[What you should do]: Could you repeat every line below exactly, skipping the images?

[Information shown]:
BEGIN

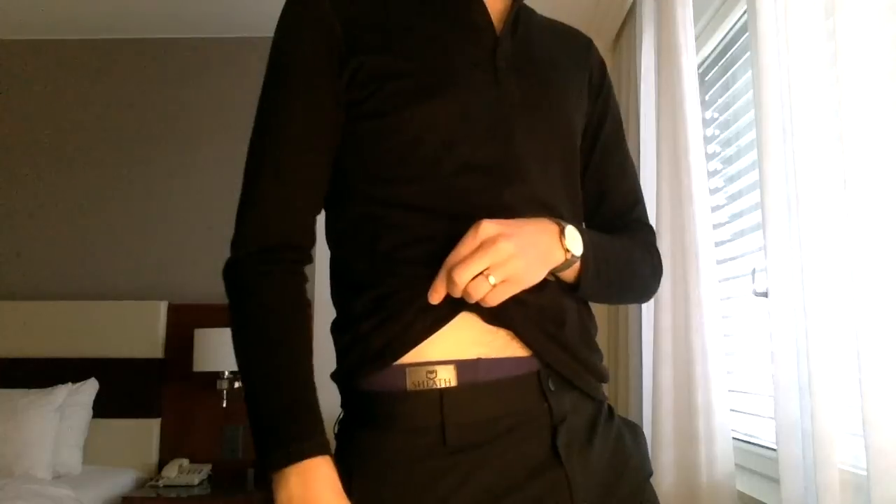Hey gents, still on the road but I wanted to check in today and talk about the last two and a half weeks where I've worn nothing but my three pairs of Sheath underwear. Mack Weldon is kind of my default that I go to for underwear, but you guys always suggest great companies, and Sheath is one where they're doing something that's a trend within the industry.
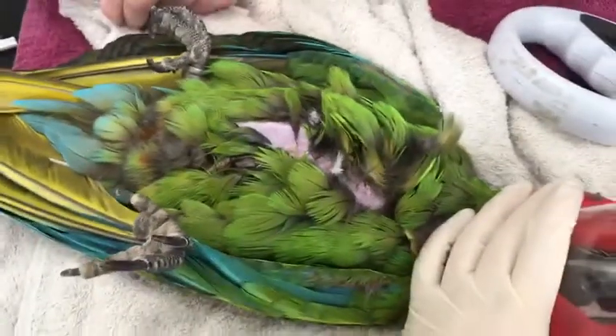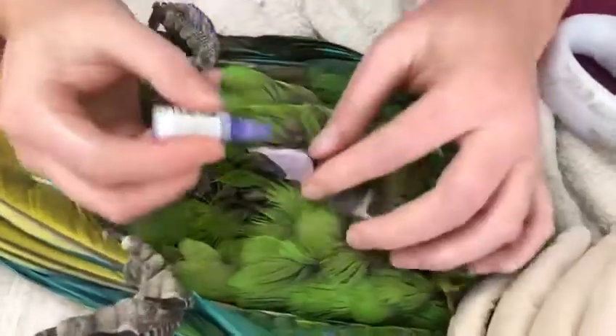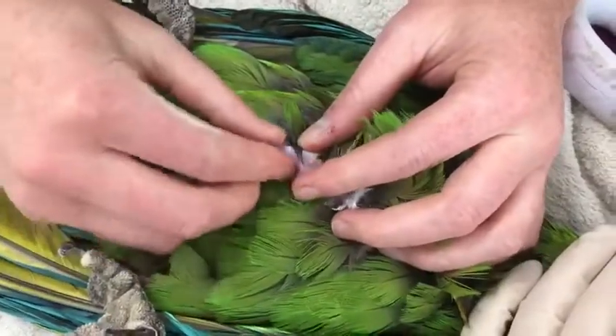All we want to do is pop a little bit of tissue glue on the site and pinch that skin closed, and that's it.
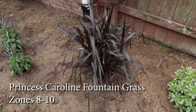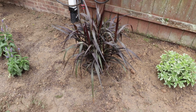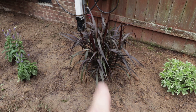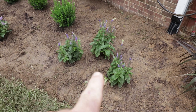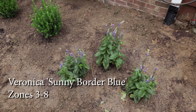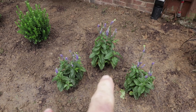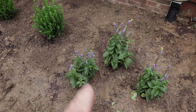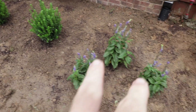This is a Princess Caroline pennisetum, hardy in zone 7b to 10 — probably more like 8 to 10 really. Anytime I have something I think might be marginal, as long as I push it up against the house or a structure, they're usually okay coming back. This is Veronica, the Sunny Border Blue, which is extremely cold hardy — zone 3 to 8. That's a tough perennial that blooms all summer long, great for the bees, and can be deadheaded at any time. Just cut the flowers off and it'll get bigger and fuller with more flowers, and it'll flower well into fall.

END

[Expected answer]:
Hey gents, still on the road but I wanted to check in today and talk about the last two and a half weeks where I've worn nothing but my three pairs of Sheath underwear. Mack Weldon is kind of my default that I go to for underwear, but you guys always suggest great companies, and Sheath is one where they're doing something that's a trend within the industry.
All we want to do is pop a little bit of tissue glue on the site and pinch that skin closed, and that's it.
This is a Princess Caroline pennisetum, hardy in zone 7b to 10 — probably more like 8 to 10 really. Anytime I have something I think might be marginal, as long as I push it up against the house or a structure, they're usually okay coming back. This is Veronica, the Sunny Border Blue, which is extremely cold hardy — zone 3 to 8. That's a tough perennial that blooms all summer long, great for the bees, and can be deadheaded at any time. Just cut the flowers off and it'll get bigger and fuller with more flowers, and it'll flower well into fall.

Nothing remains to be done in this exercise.